Check out the cabaret shows, chum
Entertaining series brings singers Marcovicci and Campbell to San Francisco for electric performances
It's about as basic as you can get: a piano and a singer -- actually two pianos and two singers and a couple of occasionally-used guitars, but you get the point.
That's all you need for pure magic, though, when the singers are Andrea Marcovicci and David Campbell. They breezed in and out of San Francisco's Alcazar Theatre over the weekend, and offered ample evidence that there are very good reasons to get out of the house and head downtown.
It's a matter of getting a jolt of entertainment electricity, or maybe experiencing lightning striking even more than twice in the same place. It's a matter of being a part of the sort of theatrical incandescence that happens only when big talent squeezes into a small place and lights up your little slice of the world like an Independence Day fireworks show.

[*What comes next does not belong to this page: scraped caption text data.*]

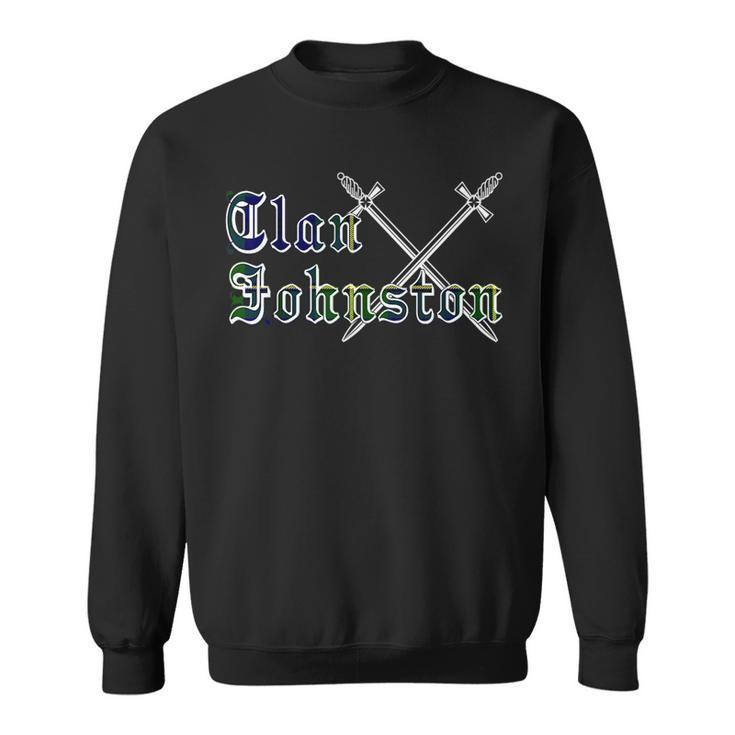 Clan Johnston Surname Last Name Scottish Tartan Funny Last Name Designs Funny Gifts Sweatshirt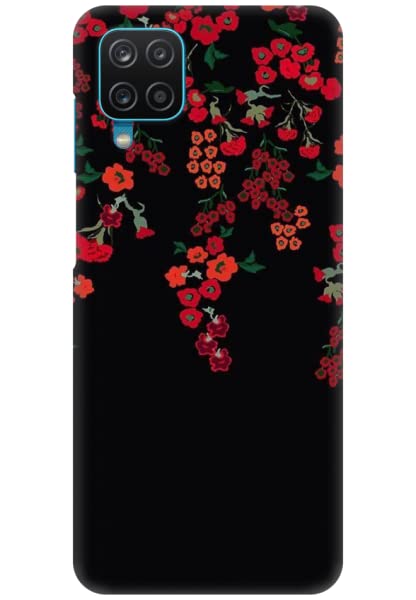COBERTA Printed Back Cover for Samsung Galaxy M12 Case - Black & Red Floral Climbers phone case design (B0BKGSTKJF) Amazon Price History, Amazon Price Tracker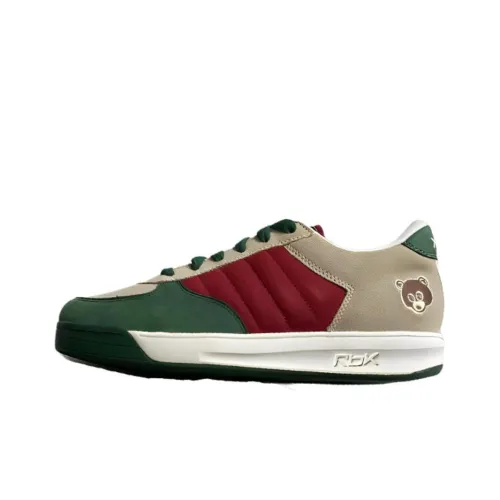 Kanye x Reebok Slip-Resistant Low Top Скейтборд Кроссовки Мужские Коричневый Красный Зеленый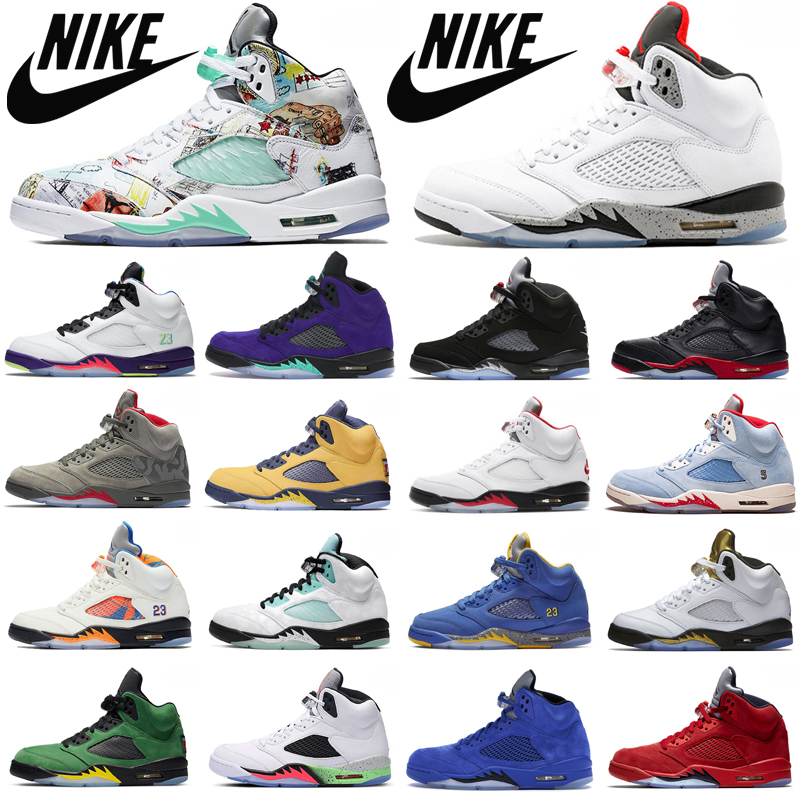 2021 Men women Basketball Shoes Nike Air Retro Jordan 5 5s Alternate Grape International Flight Space Jam Wings mens trainers sports snekaers 40-47, Fire red
2021 Men women Basketball Shoes Nike Air Retro Jordan 5 5s Alternate Grape International Flight Space Jam Wings mens trainers sports snekaers 40-47, Fire red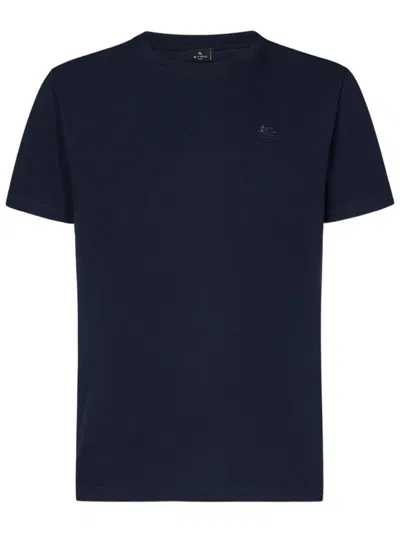 Etro Blue Cotton Jersey T-shirt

This is the first time Marcovicci and Campbell have been paired in a show, and if Friday's opener is any indication at all, the two should be permanently joined at the hip, so they can spend the rest of their lives entertaining cabaret crowds together.
Their performance is part of Diane Dragone's "Hooray for Cabaret" series. For the past couple of years, the owner of San Francisco's Star Classics record store, has produced shows at both the Herbst Theater, and the more intimate Alcazar.
Dragone is one of those people who is intent on perpetuating cabaret entertainment, and has been using the "Hooray" series to make true believers of newcomers. And she's done it by creating exciting bills, such as the one this past weekend.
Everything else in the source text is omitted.